- Task prompt
Take nothing but the lines from the one with "When is the" through the one with "Also keep in" in the entries below, both ends kept, and return them exactly with pictures left out.

#### Provided information ####

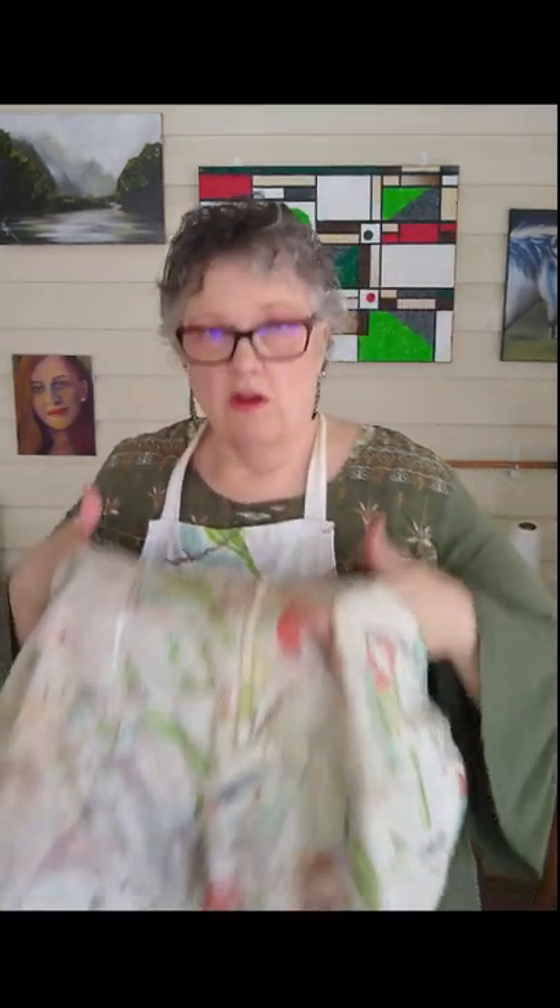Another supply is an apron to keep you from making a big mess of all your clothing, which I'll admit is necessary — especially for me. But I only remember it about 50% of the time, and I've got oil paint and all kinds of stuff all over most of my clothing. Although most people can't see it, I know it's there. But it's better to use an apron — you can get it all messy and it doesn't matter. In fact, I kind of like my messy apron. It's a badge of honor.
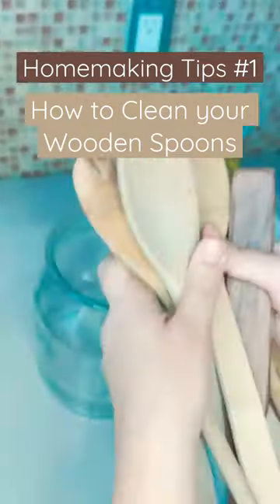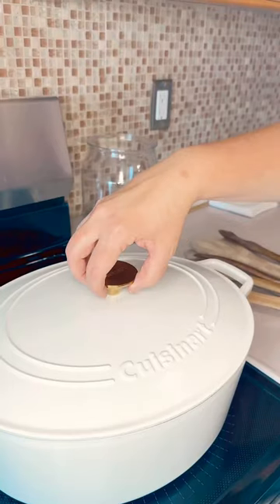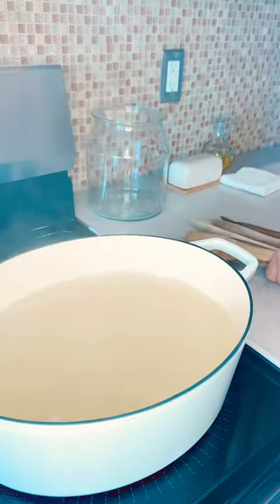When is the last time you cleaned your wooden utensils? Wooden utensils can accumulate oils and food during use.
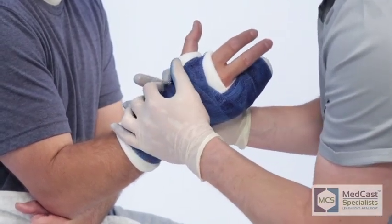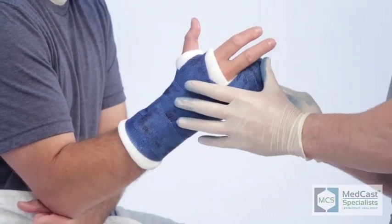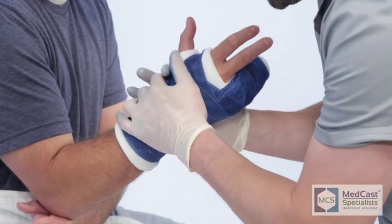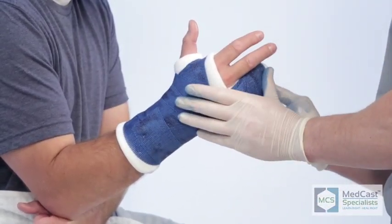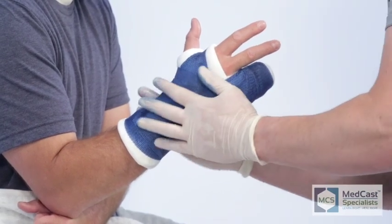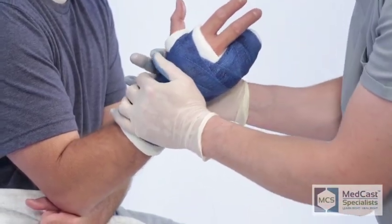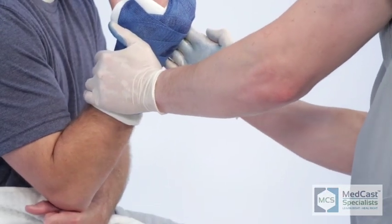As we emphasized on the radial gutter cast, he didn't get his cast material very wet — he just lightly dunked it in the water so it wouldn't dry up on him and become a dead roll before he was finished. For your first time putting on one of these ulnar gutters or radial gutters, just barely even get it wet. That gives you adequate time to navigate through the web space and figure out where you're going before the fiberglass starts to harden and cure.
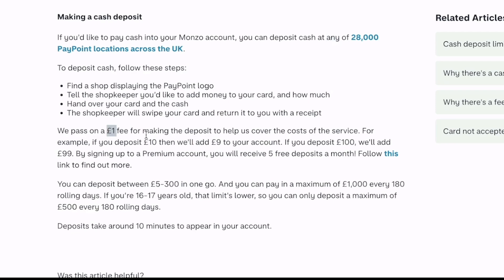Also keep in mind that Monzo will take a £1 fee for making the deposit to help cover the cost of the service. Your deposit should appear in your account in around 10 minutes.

####
#### Provided information ####

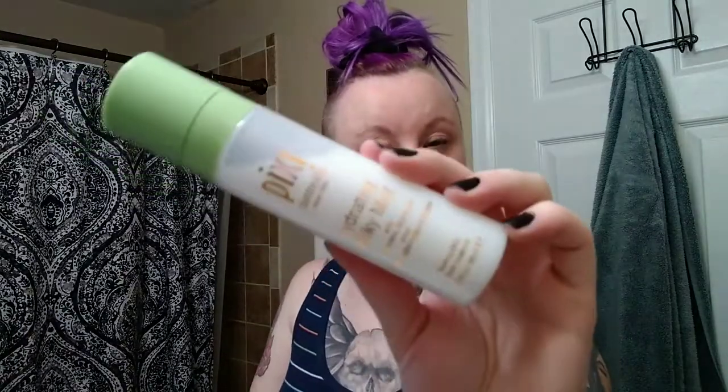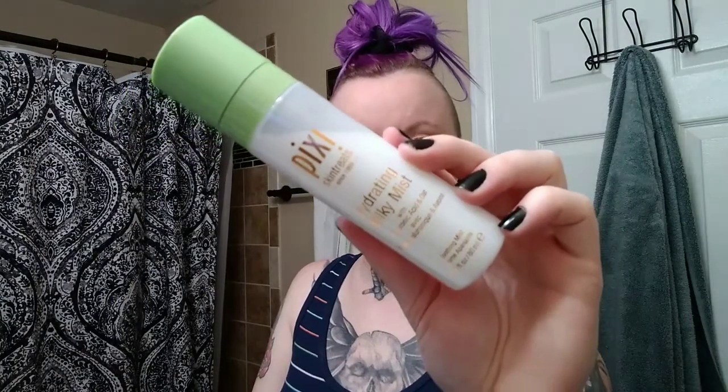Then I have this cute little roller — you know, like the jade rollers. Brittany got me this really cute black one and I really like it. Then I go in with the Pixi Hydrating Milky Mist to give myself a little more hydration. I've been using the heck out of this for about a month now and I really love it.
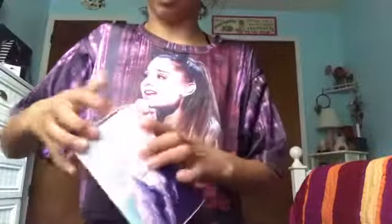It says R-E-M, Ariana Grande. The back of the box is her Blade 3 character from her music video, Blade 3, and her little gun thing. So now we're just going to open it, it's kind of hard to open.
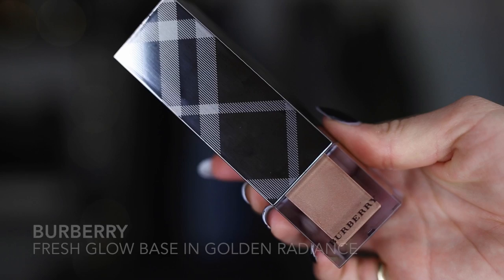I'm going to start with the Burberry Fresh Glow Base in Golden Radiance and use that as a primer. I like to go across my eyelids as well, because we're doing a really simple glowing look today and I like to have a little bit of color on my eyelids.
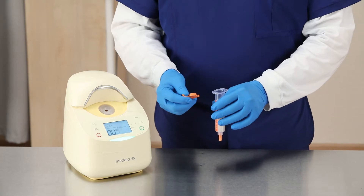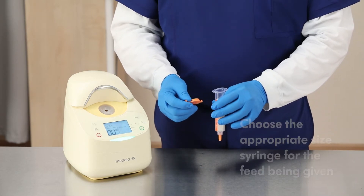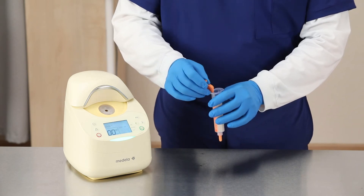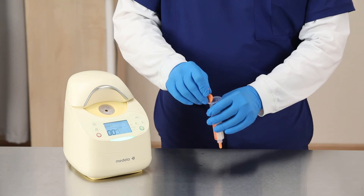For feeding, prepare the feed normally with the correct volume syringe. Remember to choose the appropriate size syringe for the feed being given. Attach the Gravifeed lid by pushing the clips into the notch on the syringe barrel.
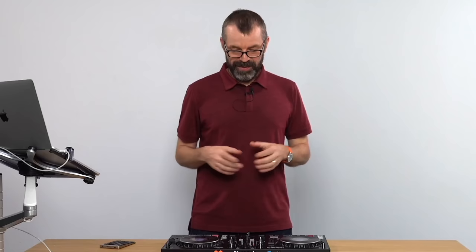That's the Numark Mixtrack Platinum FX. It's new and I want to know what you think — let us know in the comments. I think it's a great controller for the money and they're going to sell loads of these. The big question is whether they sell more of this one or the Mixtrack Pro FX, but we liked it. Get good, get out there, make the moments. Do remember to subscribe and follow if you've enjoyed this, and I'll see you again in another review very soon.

####

- Written reply
When is the last time you cleaned your wooden utensils? Wooden utensils can accumulate oils and food during use.
As we emphasized on the radial gutter cast, he didn't get his cast material very wet — he just lightly dunked it in the water so it wouldn't dry up on him and become a dead roll before he was finished. For your first time putting on one of these ulnar gutters or radial gutters, just barely even get it wet. That gives you adequate time to navigate through the web space and figure out where you're going before the fiberglass starts to harden and cure.
Also keep in mind that Monzo will take a £1 fee for making the deposit to help cover the cost of the service. Your deposit should appear in your account in around 10 minutes.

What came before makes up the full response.